Commodore: A Company On The Edge is a brilliant book and well worth a read for anyone interested in the history of the company and the people who worked there. It covers all the above (and more) and is incredibly well written.
posted by garius at 11:14 AM on February 16, 2015 [4 favorites]


Was just coming in to recommend that book! Bil Herd is around on Twitter but doesn't post much; I have fantasies about getting stuck in an elevator with that dude & trying to get Golden Age stories out of him.
posted by mintcake! at 11:21 AM on February 16, 2015 [1 favorite]


On paper this was the ultimate 8-bit computer. It's like an 8-bit Amiga. If only we had seen its potential realised.
posted by GallonOfAlan at 12:32 PM on February 16, 2015




Bil Herd is around on Twitter but doesn't post much; I have fantasies about getting stuck in an elevator with that dude & trying to get Golden Age stories out of him.

Fantasize no longer (well, about this anyway...)
posted by roue at 1:19 PM on February 16, 2015 [1 favorite]


On paper this was the ultimate 8-bit computer. It's like an 8-bit Amiga.

I don't think it was, no. I mean, there's things they could have done to make this a stronger system. I mean, it has no blitting hardware, it runs at only 3.5 mHz, and it still only has the C64's eight hardware sprites. Considering that Commodore themselves made the Amiga, they certainly could have done better. A lot of things that an 8-bit computer can do are really things that any computer can do.

The machine would have been, like all mass-produced computers, a tradeoff between power and price. It seems evident that Commodore was going for a super-low-end machine in a year when the (long delayed) Super Nintendo, which has tons of sprites, hardware scaling and sampled audio, was hitting shelves.

And they wanted backwards compatibility with the Commodore 64, when, because of how long it had been out and the wide variety of tricks that had been adopted to get around platform limitations, would have meant to have a serious chance at it they'd have had to have included another whole C64 in the case, which I notice they didn't do -- there is no VIC-II chip in there, so a certain percentage of software wasn't going to work.

And really, 8-bit hardware carries no intrinsic advantages itself.
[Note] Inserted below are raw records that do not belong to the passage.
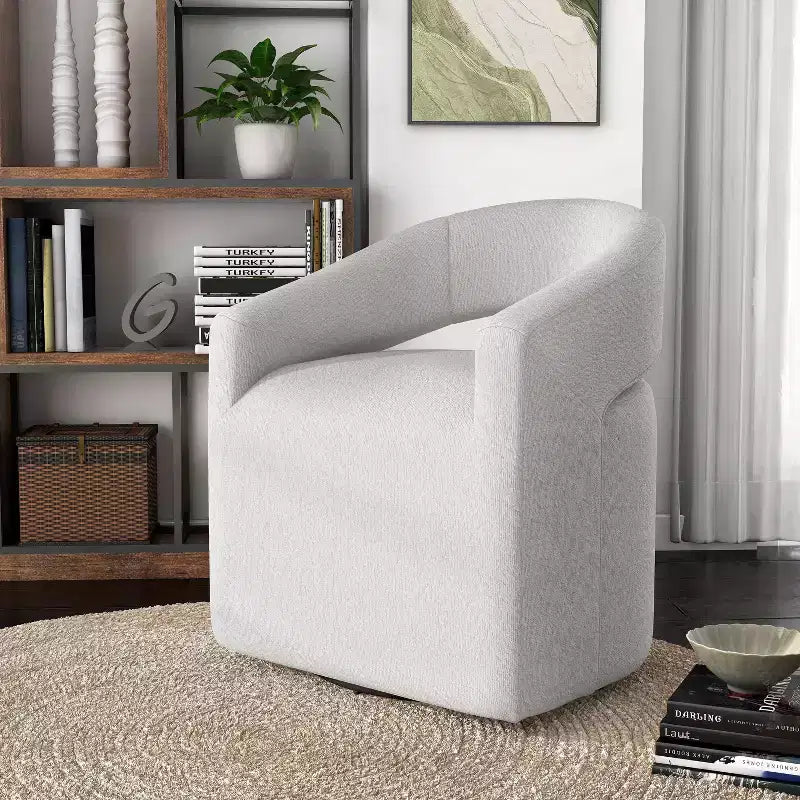 Fauteuil tonneau pivotant moderne en bouclé avec dossier ouvert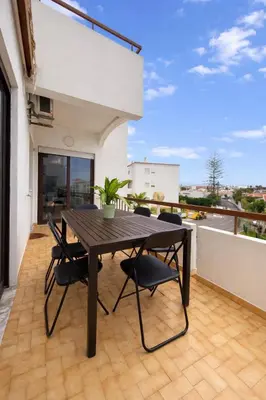 a bathroom with a toilet and a sink and a shower at Majesti Algarve Apartment in Albufeira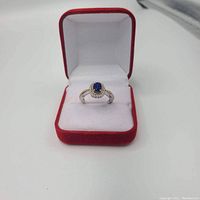 Ring displayed in red and white jewelry box on white surface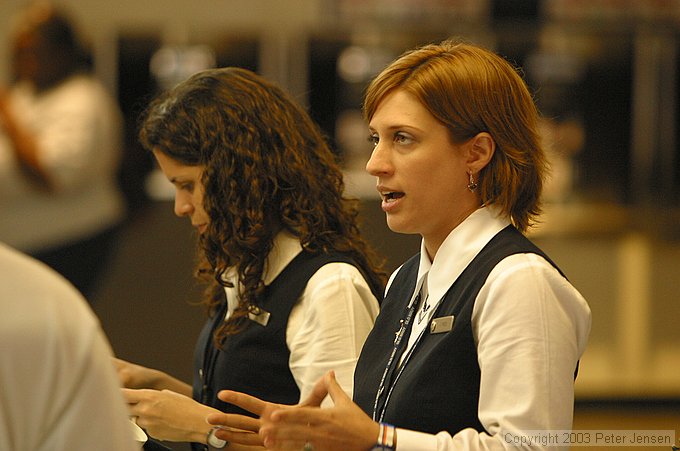 American Eagle employee trying to comfort frustrated customers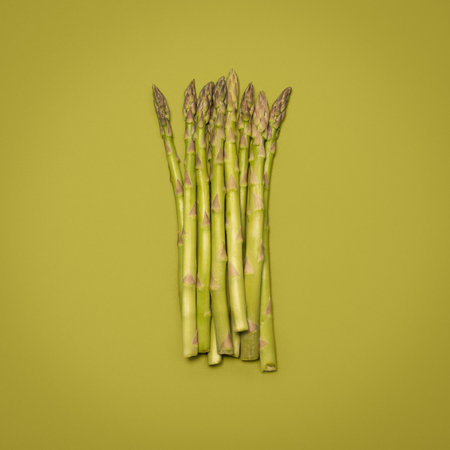 Green is good for you. a bunch of asparagus against a studio background.の写真素材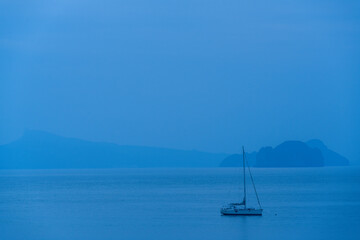 Fototapeta premium Anchored yacht in the Andaman Sea off the coast of Khao Yao, Phang Nga, Thailand at blue hour.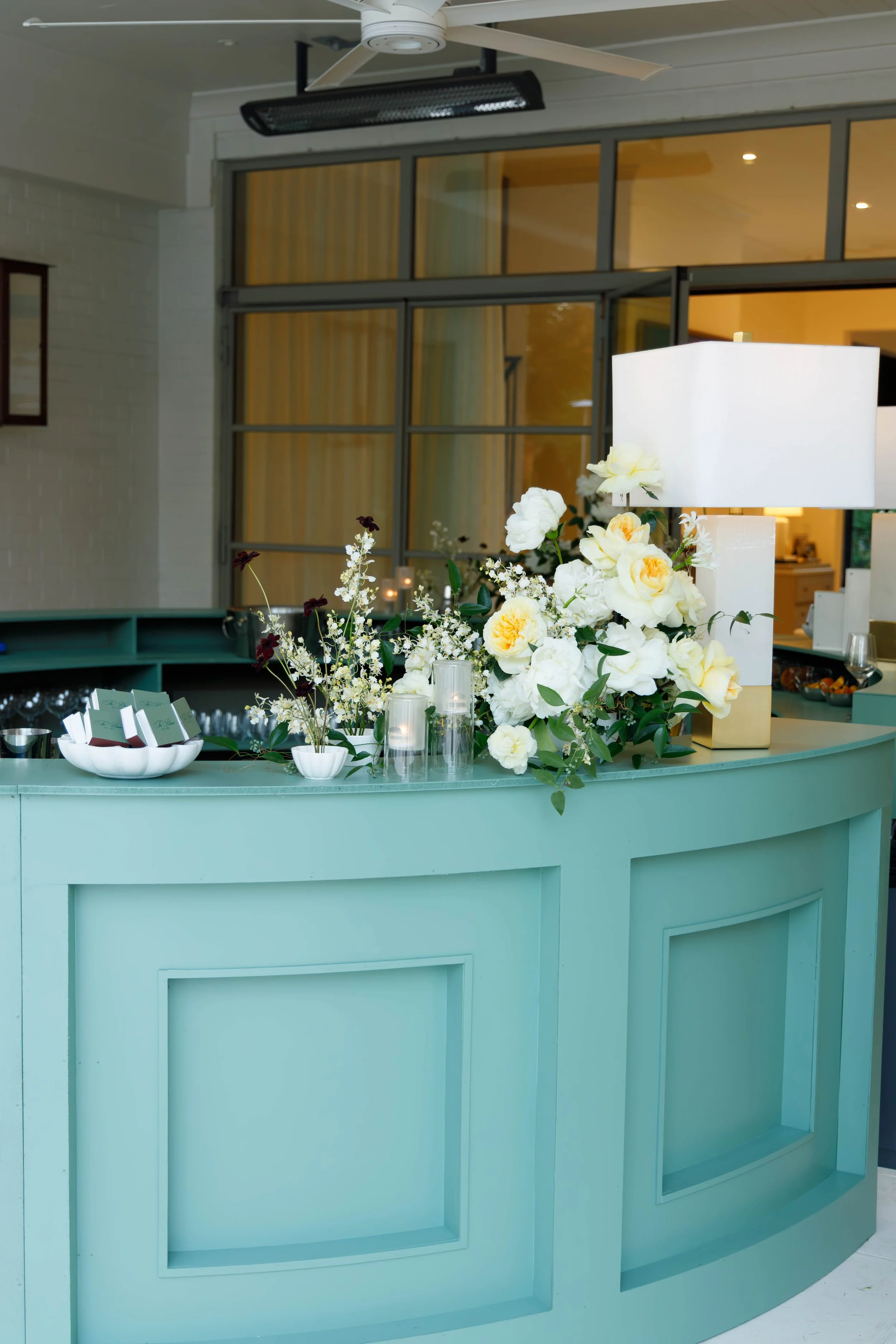 A mint green reception or bar counter decorated with white and cream flowers, a white lampshade, candles, and small bowls, in an indoor setting with large windows and ceiling fan.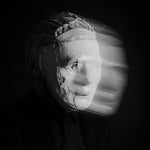 Album cover for Kontravoid's 'Detachment' featuring a person wearing a mask with a blurred background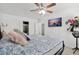 Comfortable bedroom featuring a ceiling fan and mounted TV for relaxation at 4303 E Viking Rd, Las Vegas, NV 89121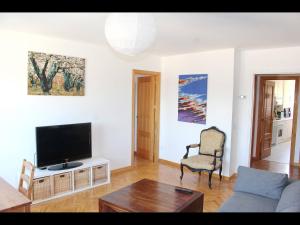 a living room with a couch and a tv at Luminoso Piso en Navacerrada Wifi in Navacerrada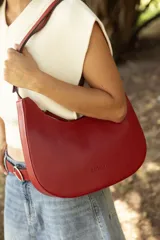 Cartera hobo de cuero color rojo con silueta curva de media luna, cierre superior y correa de hombro ajustable.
It's just the size of the processor's addressing bus.

Meanwhile, Windows 3.1 comes out next year, the Macintosh has been out for several, and Commodore themselves make a competing line they would be understandably reluctant to imply they were abandoning. The Amiga 500, the most popular of the line, was discontinued in 1991, to make way for better models. How would it have looked if one of them were this?
posted by JHarris at 1:56 PM on February 16, 2015 [1 favorite]


Commodore didn't create the Amiga. It was created by a startup called Amiga Corporation, largely backed by Atari money, and due to various twists and turns Commodore managed to buy the whole thing out from under Atari in 1984. There is a reason it isn't like the stuff rolling out of Commodore's own R&D dept in that period.
posted by w0mbat at 3:27 PM on February 16, 2015


I mean, it has no blitting hardware, it runs at only 3.5 mHz, and it still only has the C64's eight hardware sprites.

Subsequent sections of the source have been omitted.